▶ _ACTIVITY_
The answer is all of the data repeated exactly, with each picture omitted.

[Captioned web images]
--------------------------------------------------
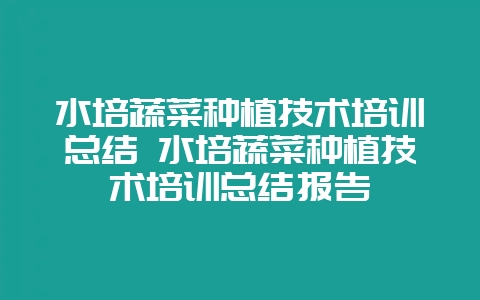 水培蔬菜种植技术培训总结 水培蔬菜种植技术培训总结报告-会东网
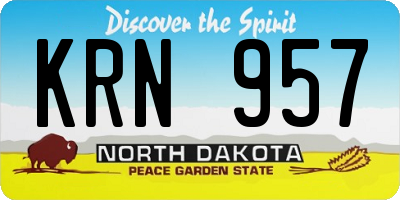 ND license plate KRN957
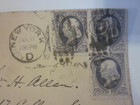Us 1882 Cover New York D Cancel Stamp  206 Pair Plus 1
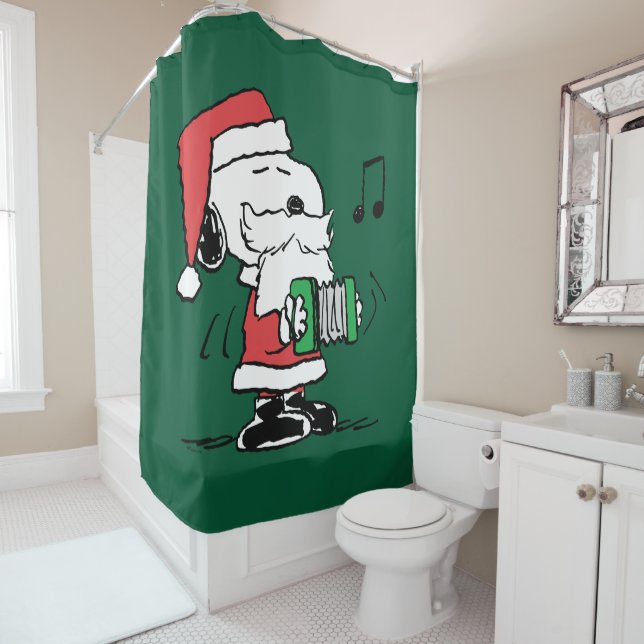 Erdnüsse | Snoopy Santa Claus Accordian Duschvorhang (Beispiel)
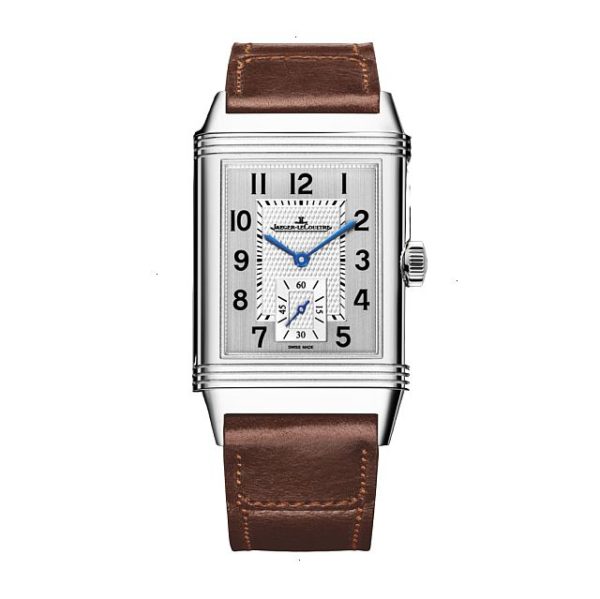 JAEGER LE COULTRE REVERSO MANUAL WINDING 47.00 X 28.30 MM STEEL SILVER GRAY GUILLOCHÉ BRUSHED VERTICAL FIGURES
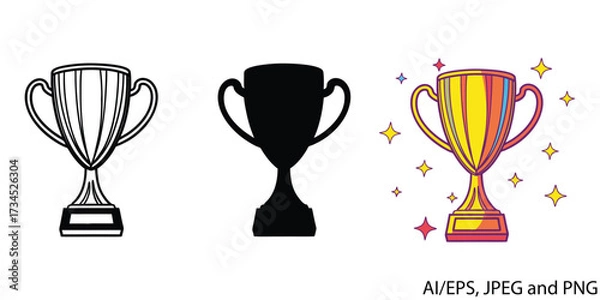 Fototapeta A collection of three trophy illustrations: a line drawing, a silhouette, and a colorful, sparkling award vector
--------------------------------------------------
▶ _SOLVED PROBLEM_
 水培蔬菜种植技术培训总结 水培蔬菜种植技术培训总结报告-会东网
 ND license plate KRN957
Us 1882 Cover New York D Cancel Stamp  206 Pair Plus 1
 Erdnüsse | Snoopy Santa Claus Accordian Duschvorhang (Beispiel)
 JAEGER LE COULTRE REVERSO MANUAL WINDING 47.00 X 28.30 MM STEEL SILVER GRAY GUILLOCHÉ BRUSHED VERTICAL FIGURES
 Fototapeta A collection of three trophy illustrations: a line drawing, a silhouette, and a colorful, sparkling award vector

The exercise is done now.